Study of a One-Dimensional Optimal Control Problem with a Purely State-Dependent Cost

Abstract

A one-dimensional optimal control problem with a state-dependent cost and a unimodular integrand is considered. It is shown that, under some standard assumptions, this problem can be solved without using the Pontryagin maximum principle, by simple methods of the classical analysis, basing on the Tchyaplygin comparison theorem. However, in some modifications of the problem, the usage of Pontryagin’s maximum principle is preferable. The optimal synthesis for the problem and for its modifications is obtained.

Appendix

Here we consider some examples from the literature and show how they can be reduced to the above problems. For convenience, we will use our notation which may differ from the originals.

The Solow-Shell Model of Optimal Consumption–Accumulation Ratio

We begin with the famous problem of finding the optimal consumption–accumulation ratio in a one-sector production planning model (see e.g. [8, 13, 14, 18]). The problem is to maximize the total consumption

$$\begin{aligned} J=\int \limits ^{T}_{0}{e^{-rt}(1-u(t))\,g(x(t))\, dt}\longrightarrow \max \end{aligned}$$

(51)

subject to

$$\begin{aligned} {\dot{x}}= -\mu x + ug(x),\qquad x(0)=x_{0},\qquad x(T)\ge x_{T},\qquad u\in [0,1], \end{aligned}$$

(52)

where \(g'(x)>0,\; g''(x) <0,\) and the parameters \(r,x_{0},x_{T}\ge 0.\) Here x is the capital stock, g(x) the productivity function, u the rate of accumulation, and \(1-u\) the consumption rate. (The case with a fixed \(x(T)=x_{T}\) is more simple;  see “The standard case”).

Substituting \(u\,g(x)= {\dot{x}}+\mu x\) into the cost and integrating the term \(-e^{-r t}\dot{x}\) by parts, we rewrite the cost in the form

$$\begin{aligned} J=\int \limits ^{T}_{0}{e^{-rt}(g(x)-(r+\mu )x)\, dt}- e^{-rT}x(T)\rightarrow \max , \end{aligned}$$

(53)

which is of type (18) with \(\Phi (x)=f(x)-(r+\mu )x\) and \(S(x)= -e^{-rT}x.\) Obviously, \(\Phi \) is unimodular with the maximum value at the point \(x^*\) determined by the relation \(f^{\prime }(x^*)= r+\mu ,\) which is exactly the classical golden rule of capital accumulation.

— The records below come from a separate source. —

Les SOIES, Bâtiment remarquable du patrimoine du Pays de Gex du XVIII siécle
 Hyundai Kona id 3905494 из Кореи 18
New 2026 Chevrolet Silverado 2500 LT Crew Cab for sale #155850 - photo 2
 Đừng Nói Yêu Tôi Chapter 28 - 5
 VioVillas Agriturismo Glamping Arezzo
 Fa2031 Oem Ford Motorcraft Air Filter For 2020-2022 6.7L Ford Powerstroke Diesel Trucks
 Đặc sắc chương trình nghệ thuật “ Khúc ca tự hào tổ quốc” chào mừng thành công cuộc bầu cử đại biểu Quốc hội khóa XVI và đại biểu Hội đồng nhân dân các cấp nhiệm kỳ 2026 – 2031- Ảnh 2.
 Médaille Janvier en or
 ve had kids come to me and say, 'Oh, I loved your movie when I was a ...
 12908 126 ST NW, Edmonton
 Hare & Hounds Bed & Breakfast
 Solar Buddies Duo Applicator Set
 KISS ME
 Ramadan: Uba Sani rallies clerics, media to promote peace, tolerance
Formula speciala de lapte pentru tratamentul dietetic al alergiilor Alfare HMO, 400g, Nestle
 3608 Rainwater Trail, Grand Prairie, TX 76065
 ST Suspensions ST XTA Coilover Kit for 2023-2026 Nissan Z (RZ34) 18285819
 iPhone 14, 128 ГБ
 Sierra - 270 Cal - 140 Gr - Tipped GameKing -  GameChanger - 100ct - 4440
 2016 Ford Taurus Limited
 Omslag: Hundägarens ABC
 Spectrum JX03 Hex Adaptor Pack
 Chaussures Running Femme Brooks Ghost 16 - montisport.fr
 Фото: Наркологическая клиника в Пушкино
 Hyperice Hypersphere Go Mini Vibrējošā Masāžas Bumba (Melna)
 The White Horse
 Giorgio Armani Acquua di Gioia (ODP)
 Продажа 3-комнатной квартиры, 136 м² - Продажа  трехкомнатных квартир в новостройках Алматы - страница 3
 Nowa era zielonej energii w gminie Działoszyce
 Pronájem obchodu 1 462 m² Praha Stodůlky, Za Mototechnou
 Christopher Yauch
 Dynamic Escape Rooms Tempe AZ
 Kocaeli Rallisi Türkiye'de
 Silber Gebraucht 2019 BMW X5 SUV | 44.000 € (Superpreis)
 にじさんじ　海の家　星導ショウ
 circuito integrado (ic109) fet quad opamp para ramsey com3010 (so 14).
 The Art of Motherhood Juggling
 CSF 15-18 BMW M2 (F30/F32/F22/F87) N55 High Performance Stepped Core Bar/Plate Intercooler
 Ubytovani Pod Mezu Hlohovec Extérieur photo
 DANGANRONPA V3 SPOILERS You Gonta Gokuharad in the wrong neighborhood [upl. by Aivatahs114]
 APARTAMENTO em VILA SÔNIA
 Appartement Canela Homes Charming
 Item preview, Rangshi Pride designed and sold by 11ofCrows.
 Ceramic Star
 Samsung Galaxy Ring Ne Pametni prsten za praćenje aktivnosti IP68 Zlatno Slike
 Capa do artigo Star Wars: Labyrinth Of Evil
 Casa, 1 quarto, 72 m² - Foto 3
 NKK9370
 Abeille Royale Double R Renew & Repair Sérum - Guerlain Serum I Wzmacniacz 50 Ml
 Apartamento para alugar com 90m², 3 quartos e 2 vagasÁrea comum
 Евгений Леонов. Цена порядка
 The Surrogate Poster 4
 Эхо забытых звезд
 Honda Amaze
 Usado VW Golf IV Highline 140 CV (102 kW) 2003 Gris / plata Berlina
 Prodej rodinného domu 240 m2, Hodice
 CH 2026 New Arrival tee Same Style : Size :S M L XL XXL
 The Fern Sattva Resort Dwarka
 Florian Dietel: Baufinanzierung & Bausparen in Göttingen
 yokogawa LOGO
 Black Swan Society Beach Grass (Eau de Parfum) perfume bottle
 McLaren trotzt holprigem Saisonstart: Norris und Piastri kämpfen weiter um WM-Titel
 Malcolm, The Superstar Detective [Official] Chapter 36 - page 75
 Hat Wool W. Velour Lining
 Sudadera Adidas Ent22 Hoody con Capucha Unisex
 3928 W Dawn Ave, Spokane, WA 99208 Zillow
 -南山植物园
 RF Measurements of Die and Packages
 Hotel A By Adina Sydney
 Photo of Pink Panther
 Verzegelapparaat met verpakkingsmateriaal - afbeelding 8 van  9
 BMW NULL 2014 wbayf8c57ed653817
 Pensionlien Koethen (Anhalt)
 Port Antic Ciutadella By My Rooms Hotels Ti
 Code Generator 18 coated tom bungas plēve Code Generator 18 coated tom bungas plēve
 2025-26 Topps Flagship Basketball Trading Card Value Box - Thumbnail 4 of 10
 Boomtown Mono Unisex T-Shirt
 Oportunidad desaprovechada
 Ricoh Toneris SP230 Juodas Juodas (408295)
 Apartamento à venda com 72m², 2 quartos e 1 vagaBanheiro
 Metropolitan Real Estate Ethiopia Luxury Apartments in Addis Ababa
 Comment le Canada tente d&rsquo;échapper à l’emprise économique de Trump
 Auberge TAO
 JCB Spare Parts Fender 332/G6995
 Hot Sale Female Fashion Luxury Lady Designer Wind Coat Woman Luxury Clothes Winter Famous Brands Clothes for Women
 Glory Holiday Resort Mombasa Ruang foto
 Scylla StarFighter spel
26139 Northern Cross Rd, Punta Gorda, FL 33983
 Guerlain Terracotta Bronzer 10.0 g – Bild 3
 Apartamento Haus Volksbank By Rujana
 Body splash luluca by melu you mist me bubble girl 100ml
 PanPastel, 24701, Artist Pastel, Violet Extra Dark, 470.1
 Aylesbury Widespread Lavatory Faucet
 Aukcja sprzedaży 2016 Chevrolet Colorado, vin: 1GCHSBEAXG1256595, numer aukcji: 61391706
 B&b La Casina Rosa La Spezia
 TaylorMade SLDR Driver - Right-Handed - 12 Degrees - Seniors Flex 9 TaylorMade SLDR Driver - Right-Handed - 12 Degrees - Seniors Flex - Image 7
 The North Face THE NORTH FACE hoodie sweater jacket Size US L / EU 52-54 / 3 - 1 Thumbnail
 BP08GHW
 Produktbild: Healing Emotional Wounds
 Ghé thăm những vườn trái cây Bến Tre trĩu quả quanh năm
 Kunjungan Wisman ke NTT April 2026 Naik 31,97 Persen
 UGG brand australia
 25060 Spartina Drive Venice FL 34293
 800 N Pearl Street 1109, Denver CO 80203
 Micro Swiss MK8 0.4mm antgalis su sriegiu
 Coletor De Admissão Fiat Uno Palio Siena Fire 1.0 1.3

Assume also that \(u^* =\mu / g(x^*) \in (0,1).\) According to Theorem 3, here the optimal control is

$$\begin{aligned} {\hat{u}}=(sign^{+} (x_{0}-x^*),\,u^{*},\,sign^{+} (x_{T}-x^{*})) \end{aligned}$$

with two switchings at \(t_{1}\) and \(t_{2}.\) (Here \(sign^+(z) = \partial (z^+)\) equals 1  if \(z>0,\) and 0  if \(z<0.\) If \(x_{0}=x^*\) or \(x_T=x^*,\) the corresponding interval disappears.) The first switching moment \(t_{1}\) is determined by (14). The moment \(t_{2}\) depends on the given value of \(x_{T}\):

(1):

If \(x_{T}\ge x^{*},\) then obviously \(x(T)=x_{T}\) and \(t_{2}\) is determined by (15).

(2):

If \(x_{T}<x^{*},\) then, as was shown in “Other modifications of the problem”, we set \(\psi = e^{-rT}\eta \) and come to the following boundary value problem with respect to x and \(\eta \):

$$\begin{aligned} {\dot{x}}= & {} -\mu x-g(x),\qquad x(t_{2})=x^{*},\qquad x(T) \ge x_T,\\ {\dot{\eta }}= & {} (\mu +r)\eta -\Phi '(x),\quad \; \eta (t_{2})=0,\quad \eta (T)=\alpha -1, \end{aligned}$$

where \(\alpha \ge 0\) satisfies the complementary slackness condition \(\alpha (x(T)-x_{T})=0.\)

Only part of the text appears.